In 1838 Mr. Robinson was appointed the new headmaster of Gauhati School, now named the Gauhati Seminary, on a salary of Rs 300. By that time schools had opened in different parts of Assam, with Christian missionaries also contributing to the growth. However, the standard of education could not reach the desired heights. Even the Guwahati Seminary results failed to meet expectations. Initial euphoria vanished and from 1844 there was a steady decline in enrolment in English classes. Daily attendance of the students came down. Students entered class according to their convenience, not routine.
Ultimately, the school authorities decided to be tough. They amended school rules, imposed stricter discipline and began to seek cooperation from the guardians to bring students to book. According to rules set in 1852 the guardians had to sign an undertaking that their wards would be present in school by 11 am. Doors would be closed for latecomers.
In 1865 the school was officially declared a collegiate school, the first ever school in northeastern India to achieve this status. Classes started in this collegiate section with a new academic session in 1866. The government sanctioned a sum of Rs 12,000 towards additional expenses of the upgraded section. Some teachers were also brought from outside the province, particularly from government colleges in other parts of British India. That is how Babu Lakshmi Narayan Das, the officiating professor of Mathematics of Benaras College, came to the Gauhati Collegiate School.

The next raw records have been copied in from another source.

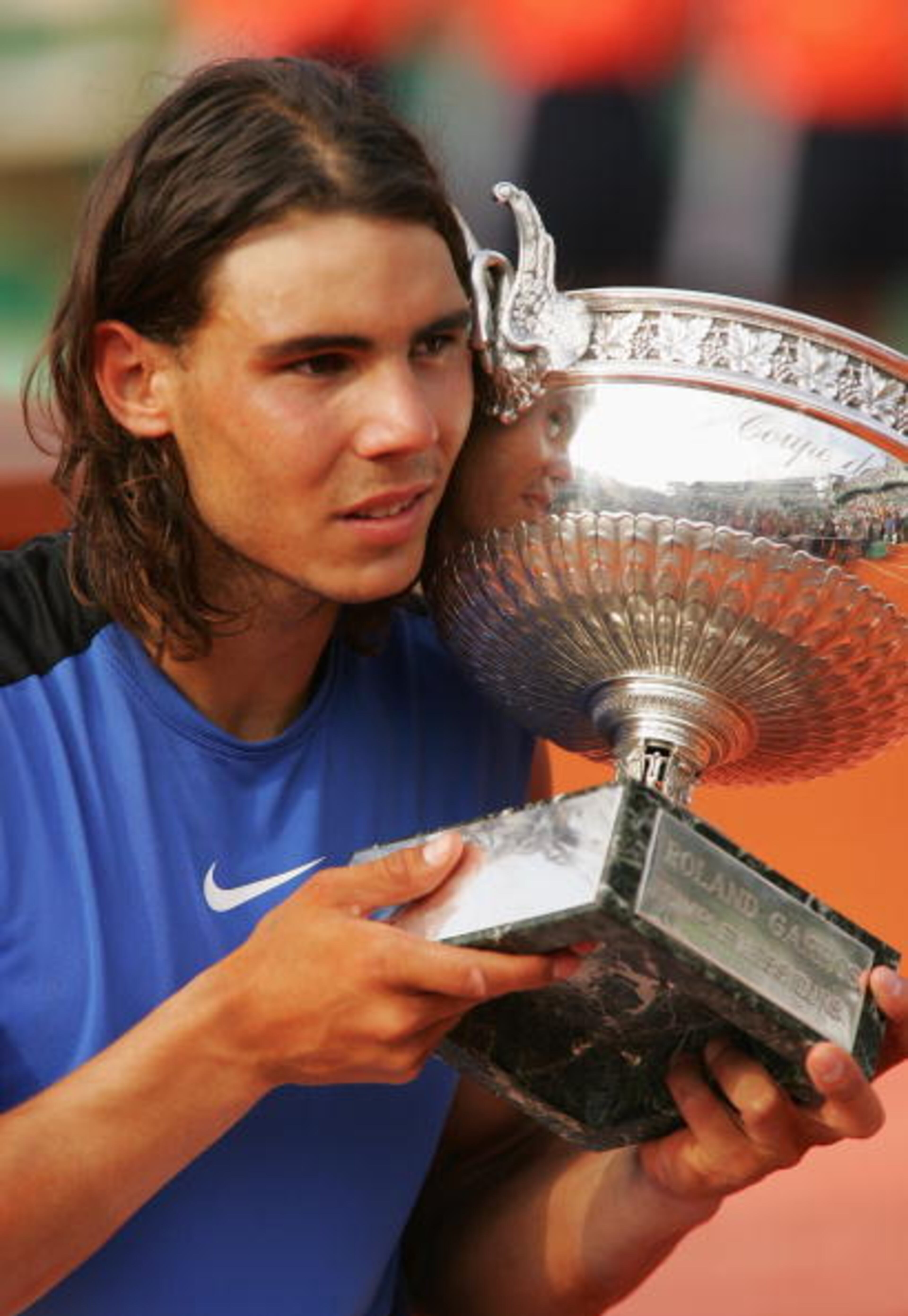 2006: Nadal beats Roger Federer 1–6, 6–1, 6–4, 7–6 (7–4).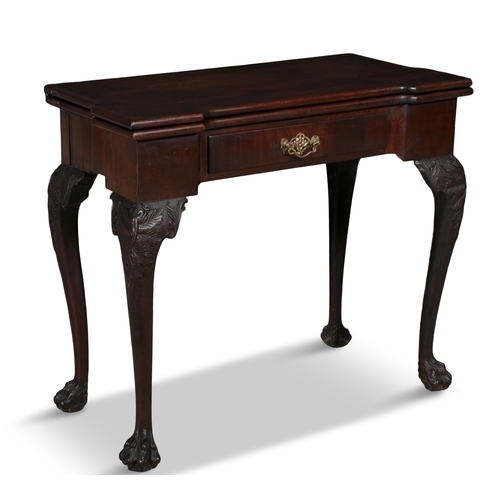 628 - AN IRISH GEORGE III FOLD OVER MAHOGANY TEA TABLE,   solid panel top with outset corners, with single... 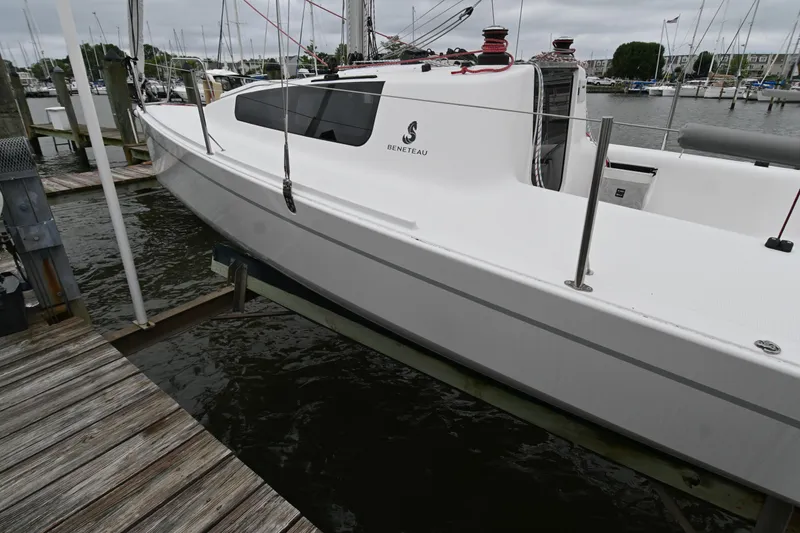 Slide: The Image of 2022 Beneteau First 24 sailboat docked at marina, side view. - 7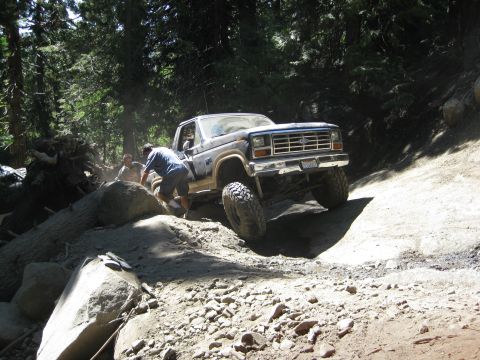 1986 Ford Bronco - A 1986 Ford Bronco tackles a challenging off-road trail with assistance from a spotter.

Within a few years a law section was becoming popular among the people. “The establishment now consists of eight English masters and a law lecturer, a surveying master, two pundits and a maulvi. The class is now attended by 100 lads,” mentions British official W W Hunter in his report of 1874. This was shocking because that year, according to Hunter, Gauhati town, “the civil headquarters and the only town in the district”, had a population of 11,942 -- more than double the population in 1835 when the school was started.